For me, music discovery has always been a search for the next addition to the classics – the next record that has the power to literally become part of my life, part of me. With 40 years of listening behind me and hopefully at least 40 more to go, it’s time to apply a strategy to ensure I get to discover, hear and enjoy as much music as possible that has the potential to become a personal classic. The ephemeral stuff can pass me by, I just don't have the time. If it’s too good to miss, something or someone will alert me to it, I hope.

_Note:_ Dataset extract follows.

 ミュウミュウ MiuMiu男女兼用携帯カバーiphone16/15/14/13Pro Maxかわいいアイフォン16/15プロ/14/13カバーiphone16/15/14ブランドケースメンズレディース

I’m always vaguely excited about forthcoming music and for the next few months, that would be The Arctic Monkeys, Portico Quartet, Laura Veirs and my new favourite band I Am Kloot. There's nothing better than discovering artists late, when you can catch up on back catalogue at leisure, as with reading all the novels of a great author you just found out about. I love that serendipity and hope that will always be part of my music discovery. More to come on that next...

Tuesday, 14 July 2009

The State of independents #1


In eight years working in the music business I never attended an AIM meeting, until this week’s 10th Anniversary AGM. I have to say I rather took to it. There was an informal and certainly collective, feel to the proceedings. And a celebratory feel too but in a modest, nicely understated way. Nothing seemed too staged or rehearsed.

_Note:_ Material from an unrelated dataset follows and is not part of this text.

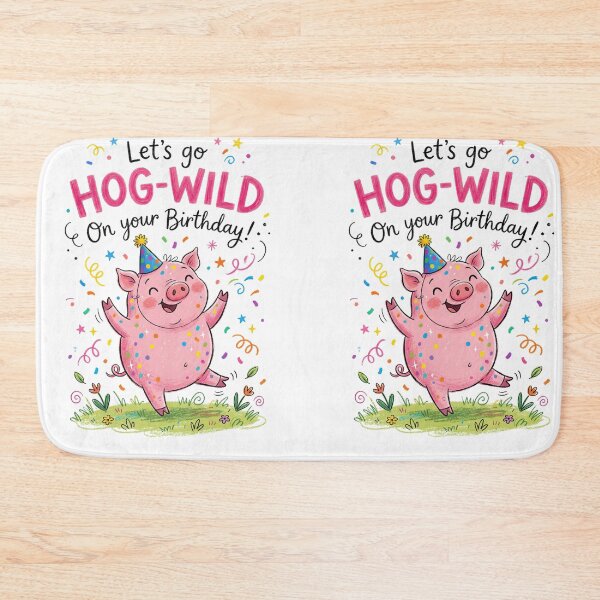 Item preview, Hog Wild Pun Happy Birthday Cute 3D Cartoon Pig Gift designed and sold by LunaPixelStudio.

Hearing Alison Wenham reflect back on the ten years since AIMs inception and give her ten wishes for the new era, it wasn’t difficult to get a sense of just how much AIM has managed to achieve, against the odds I suppose, when the job in hand is basically herding cats. And what cats. Alley cats that’s for sure. As Chris Blackwell says in his forward to the AIM Anniversary brochure “The indies will always be the lifeblood, usually started by misfits who are passionate about music and the excitement of youth culture”.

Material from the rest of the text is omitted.